***** PROVIDED DATA
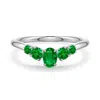 Angara 0.59 Ctw Oval Lab-grown Emerald Graduated Side Stone Engagement Ring In Green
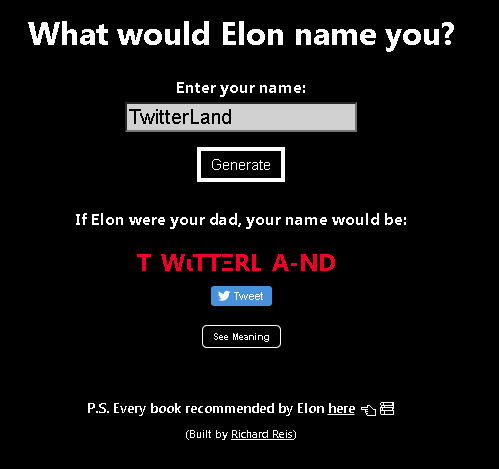 Сайт-генератор имени от Илона Маска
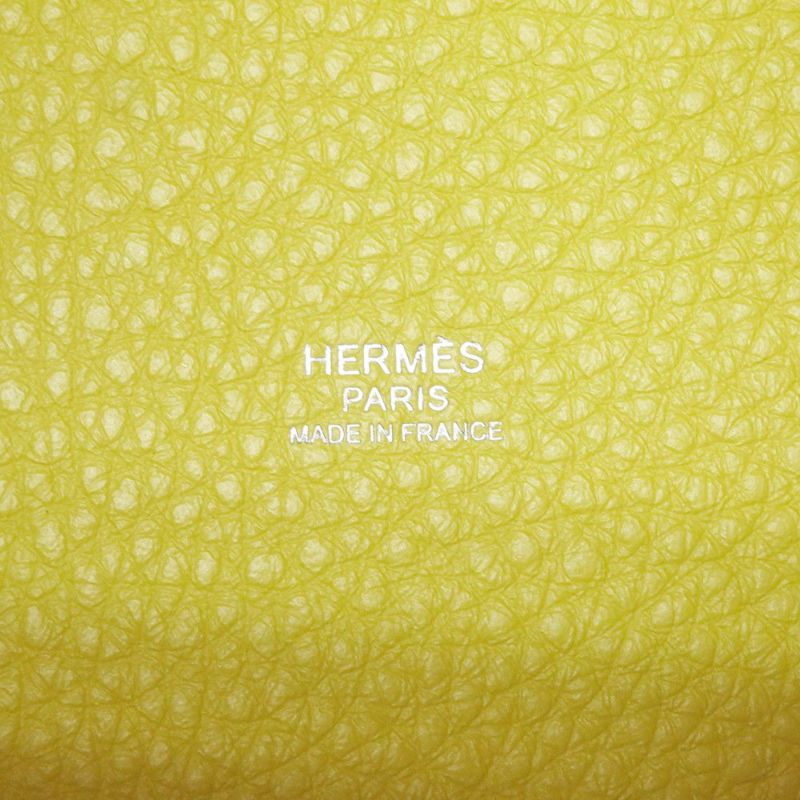 エルメス ハンドバッグ ピコタンロックMM ライム/シルバー金具 トリヨンクレマンス Y刻印 HERMES トートバッグ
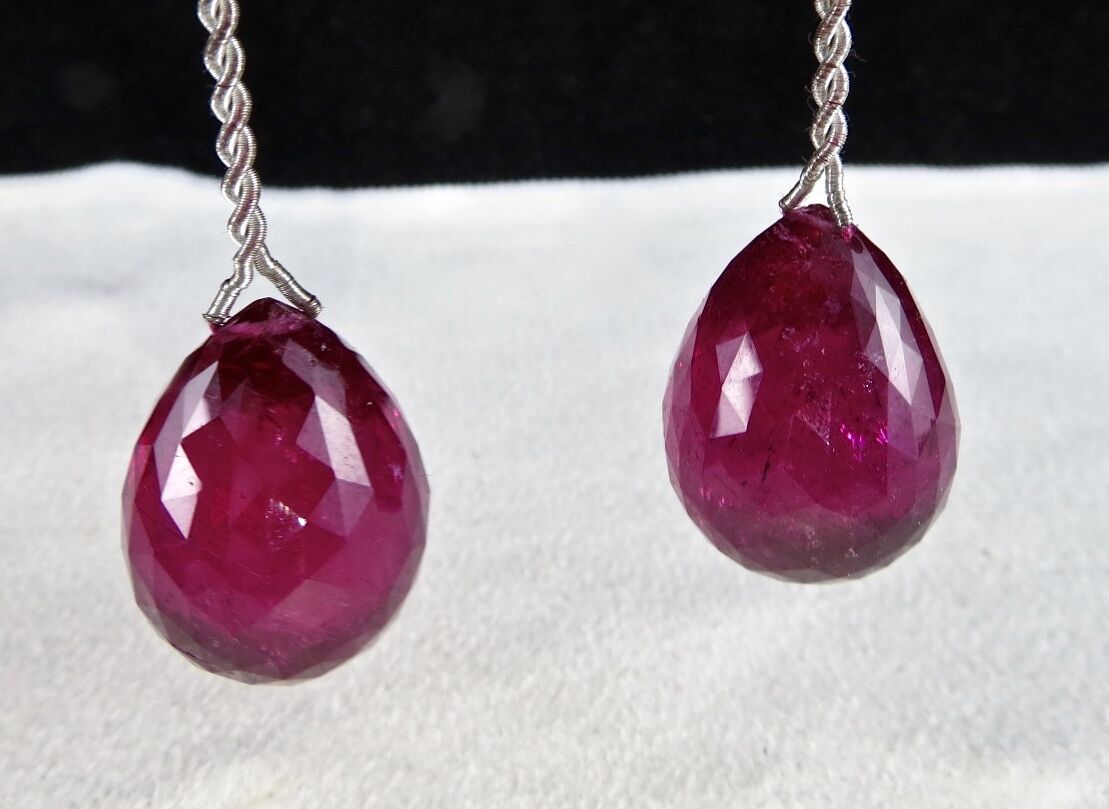 24 MM PINK TOURMALINE RUBELLITE FACETED TEARDROPS PAIR 114 CTS GEMSTONE EARRING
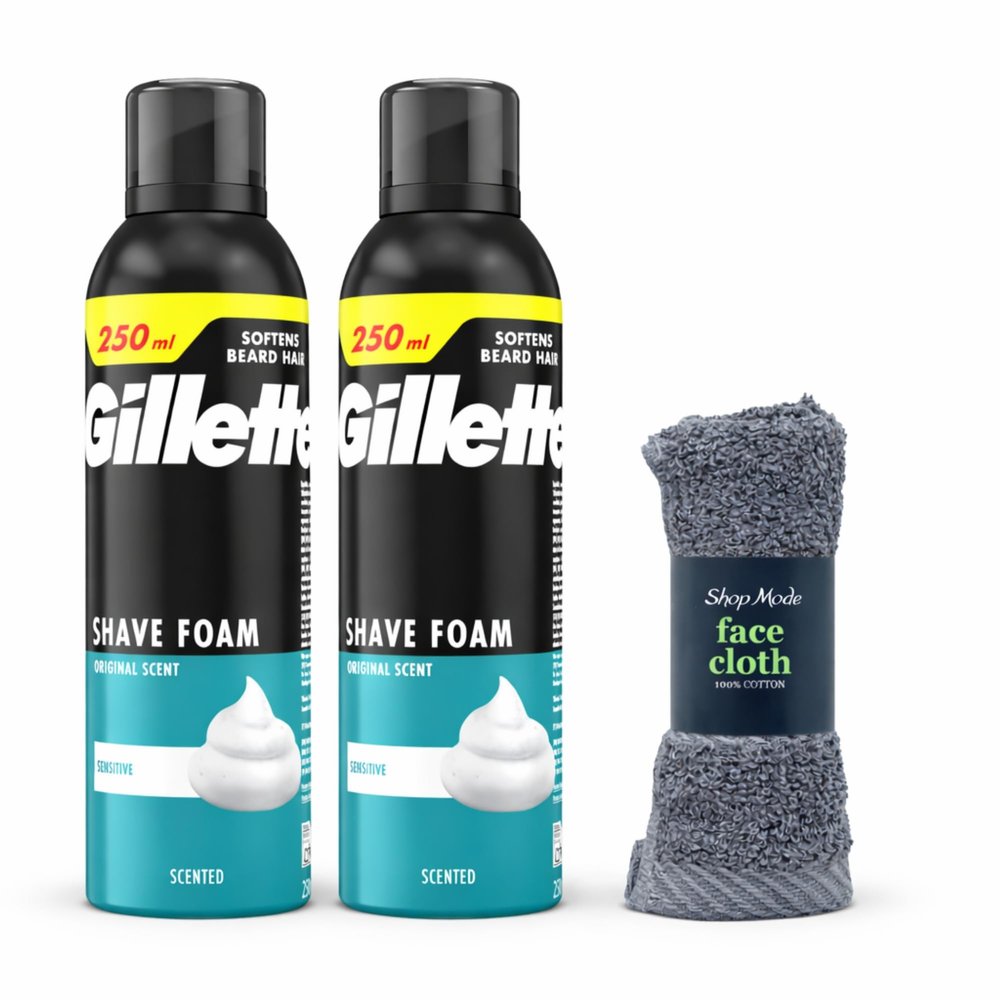 Gillette Mens Shaving Sensitive Skin Foam 250ml 2 Pack Smooth Glide Shave Cream, Beard Softening Foam, Anti-Irritation Formula, Original Scent Grooming for Daily Use with Face Towels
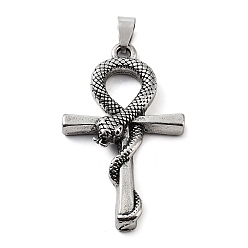 Античное Серебро Сплавочные подвески тибетского стиля, змеиные чары, античное серебро, 51x29.5x7 мм, отверстие : 8x4.5 мм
**********
**TO DO:**
The lines from the one containing "Gillette Mens Shaving" through the last line of the records are what you should copy, word for word and nothing else, with pictures left out.

**RESULT OF THE TASK:**
 Gillette Mens Shaving Sensitive Skin Foam 250ml 2 Pack Smooth Glide Shave Cream, Beard Softening Foam, Anti-Irritation Formula, Original Scent Grooming for Daily Use with Face Towels
 Античное Серебро Сплавочные подвески тибетского стиля, змеиные чары, античное серебро, 51x29.5x7 мм, отверстие : 8x4.5 мм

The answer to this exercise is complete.